So in a mobile, I would say that everything that's above the fold that we prioritize into getting into the user as soon as possible. And the interesting part is where this ends. So the moment where the user sees that everything has loaded, not necessarily the whole page, and that's why we break it down into what is more important than what is below the fold, because our first commitment is to be fast in delivering what the user sees. Users, they only relate with what they see - this is very important. So this is understanding that what's below has no meaning for the user has a different importance outside. And we need to build all of that stuff: the image, the button, and all of that, and this is a very crucial point as well, because it's the stage where the user switches from the passive state to an active state. Users don't want to be in a passive state because they do not feel in control. So they are just waiting for something, they do not feel in control and that's why they become impatient. And when all of this seems completely loaded, it's the time where the user has all the visual cues that invite him to interact. And so he switches into an active state and he tries to interact and we want him to interact with that button, and we need to make sure that the button is alive. This is very important and that's where the custom metric also helps in which it will only fire that metric if the button is alive: because if it's not alive this also brings another level of frustration in the experience and also brings this other pattern that it's like rage clicks - we call it rage clicks. It's the point where you just start to tap into the button because it does not give you any feedback. All of a sudden, instead of clicking once you are already clicking twice, and this is good because we can measure this. It's your level of frustration as well. We need to provide these to the user as fast a living experience, not a dead experience.

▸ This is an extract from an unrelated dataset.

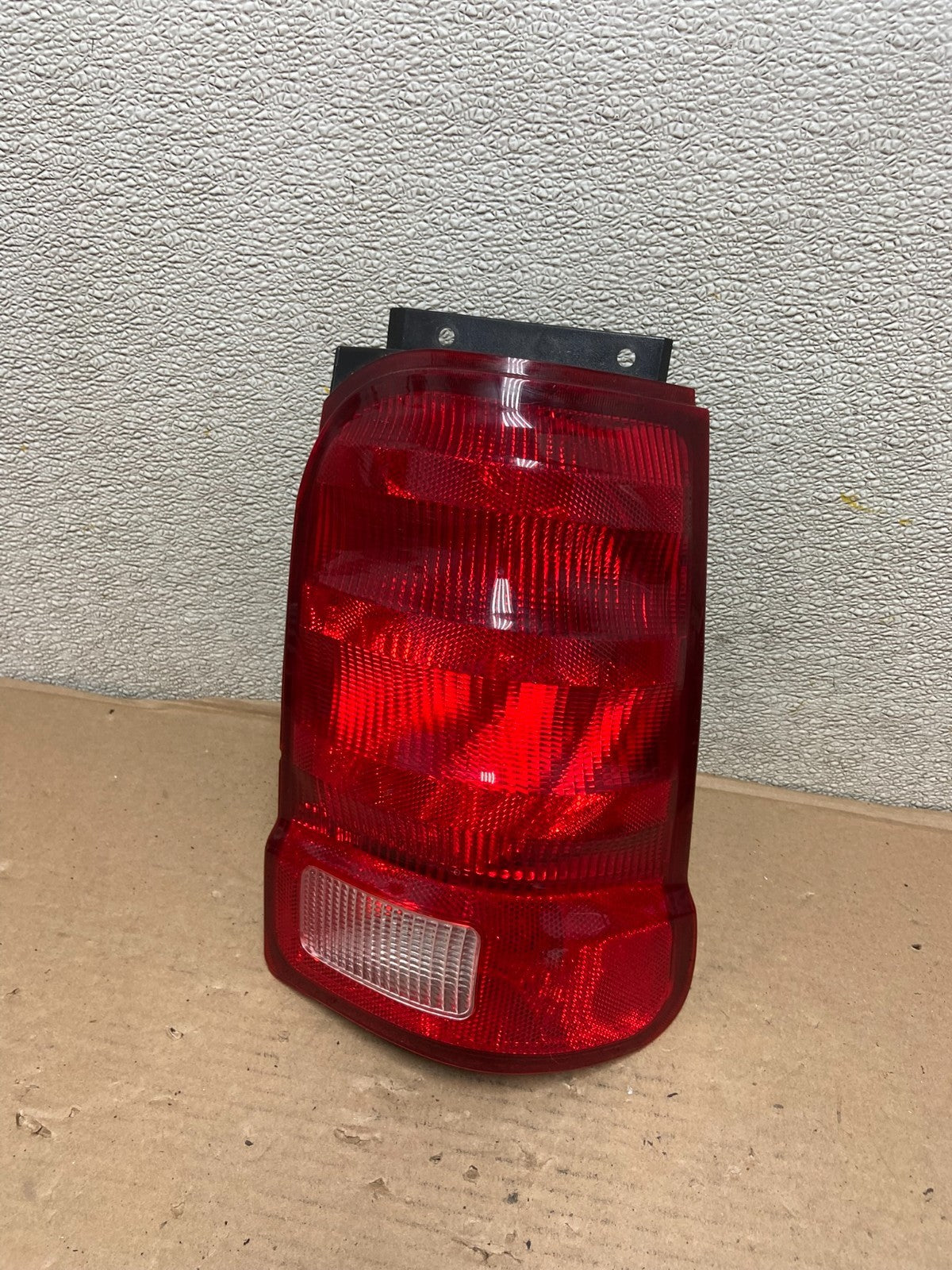 2001 - 2003 Ford Explorer Sport Right Passenger RH Tail Light AA9950 LK0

But also with other parts, other metrics start to shine, because they are not visual metrics, but are more in the interactivity realm. So where we are trying to study, what the browser's main thread is doing because we only have one thread and all the code that we ship out goes through this main thread, which means that it can become busy. And did all of the code being our own code, then other third party code - which is completely understandable because in a case of an eCommerce site you download more than just the site itself. There's a lot of stuff that goes on the site, but it has to go through the same thread. So this is where things start to get complicated and complex, because it has to go, everything is urgent, right? Everything has to ask to come and go through that same pipeline. And then he can, can reach a moment where you try to interact with the page and it's busy doing something else because we are talking about a single thread. And so it means that if the thread is occupied for more than 15 milliseconds, you are not guaranteed to have fluid feedback. And so this - there are a lot of studies that show that when you have this pattern - it triggers this disruption in the user experience, and this is normally correlated with conversion rates. So people feel that the experience is not fluid, they get frustrated and then they just go away.
Rui Costa:
I believe it was the first time that I heard this “rage clicks” expression, and so you measure user frustration with this. It's actually a very accurate, but at least in my case, it's a very accurate metric for user frustration. So, thank you for that. It was very, very enlightening. I guess I will share in the description of the episode a few of you, your articles, where people will be able to see in more detail, like what metrics do you measure that? And what's the impact on what you're saying? But so now I wanted to take it from a different perspective, which is, so you measure all this. Then you detect problems, and then you optimize. But how do you ensure that you don't go back to worst performance, so you don't get regressions with respect to performance. So how do you manage that? And such a complex metric set up?
Manuel Garcia
Yeah, definitely complex. Yeah, trying to be at the top of your game with so many things that go on the site, it's very challenging because we don't control all the variables, right? There are different areas. Performance is like a shared responsibility, it should be. But this is always good on paper, but then in reality it is kind of, I mean there has to be people that have these alignments and try to align people around this. It has also been a challenge that we have in trying to set a culture of performance in the company, but definitely trying to set the stage and keep the standard is very complex.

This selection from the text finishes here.